D. The timing of these grievances in relation to those in Motamedi
 The final section in this summary of evidence is about the timing of these grievances in relation to those in Motamedi, which is relevant to my analysis of the employer’s preliminary objections. As noted, Mr. Motamedi and Mr. Parmar filed their grievances on March 3, 2009. They were heard by Michael Bendel, sitting as an adjudicator for the PSLRB, on February 12 and 13, 2013.
 Dr. MacLean testified that in April 2013, he reviewed a CRA-PSAC collective agreement that contained the SP-10 rates and that he noted the discrepancy in pay between his rate of pay and that of an SP-10. He said that it gave rise to the drafting of the grievance wording. Six of the seven grievors signed their grievances on May 3, 2013; the seventh was signed on May 27, 2013. Dr. MacLean testified that only later did he learn of the grievances in Motamedi. Dr. Kakis testified that PIPSC had told them about the case and that they were advised to wait for that result before filing their grievances.
 The PSLRB’s decision in Motamedi was released on May 13, 2013.
 A PIPSC representative signed the bargaining agent’s approval for the presentation of the grievances between May 22 and May 28, 2013.
 The employer contended that the grievances were a collateral attack on the decision in Motamedi, filed deliberately by PIPSC before the deadline for filing a judicial review had even passed.
 I am not convinced that the grievors intended to attack the PSLRB’s decision in Motamedi by filing their grievances. The evidence is that most of them signed their grievances on May 3, 10 days before Motamedi was released. I would not assume that news of the decision’s release would have made it down to the relevant level of PIPSC when it signed its approval to file the grievances later in May.
 However, it is clear that at every level of the grievance process, the employer relied on the PSLRB’s decision in Motamedi when denying these seven grievances. It is also clear from the grievance presentation notes submitted as part of the joint book of documents that the grievors and their representatives were aware of that decision and that at each level of the grievance process, they took the position that the Motamedi decision was wrong.
 I also note that the publication of Motamedi on the Board’s website reports that the grievors in that case filed for judicial review but that they later withdrew their application (Federal Court file T-1049-13).
 I will return to the relevance of these additional facts when I consider the employer’s preliminary objections.

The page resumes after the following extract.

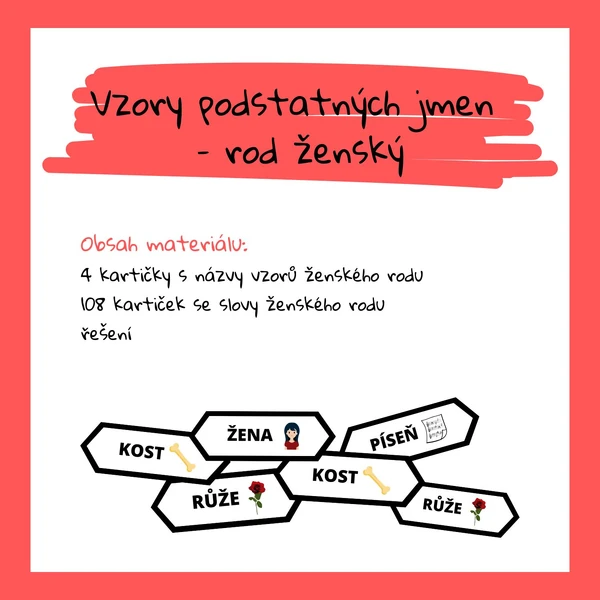 VZORY PODSTATNÝCH JMEN - rod ženský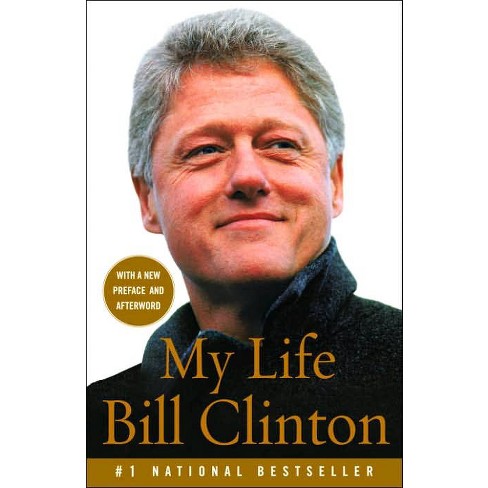 My Life - By Bill Clinton (paperback) : Target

 I will analyze the parties’ arguments and provide my reasons for decision under the following headings:
A) Should the grievances be dismissed as untimely?
B) Should the grievances be dismissed on the basis of issue estoppel, or alternatively, abuse of process or collateral attack?

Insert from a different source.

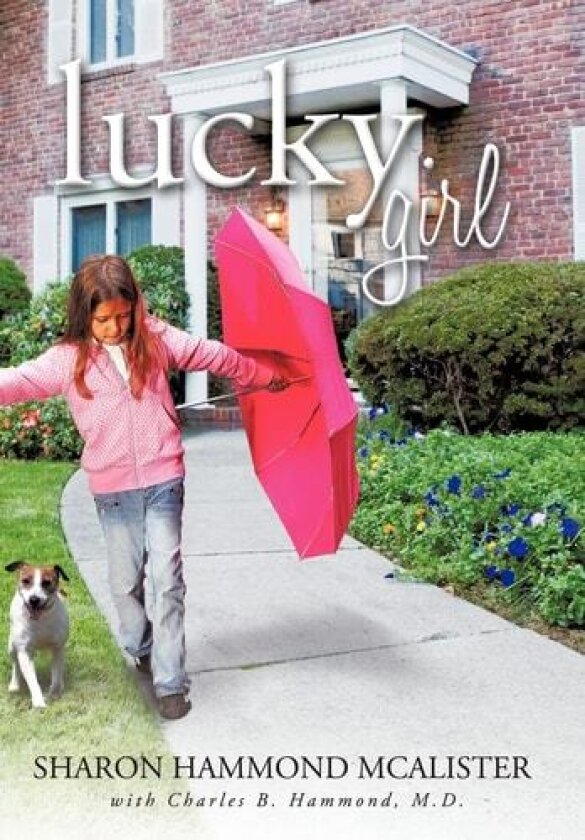 Lucky Girl av S. H. McAlister, C. B. Hammond M.D. (Hardcover)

C) Has the CRA failed to provide salary protection in accordance with the collective agreement?
A. Should the grievances be dismissed as untimely?
 I noted earlier the employer’s argument that the grievances were untimely. This objection was raised at each level of the grievance process and upon the referral to adjudication.
 The grievors argued that their grievances are of a continuing nature because they address their salaries. In response to the employer’s argument, they revised the remedy sought to payment retroactive to 25 days before the grievances were filed.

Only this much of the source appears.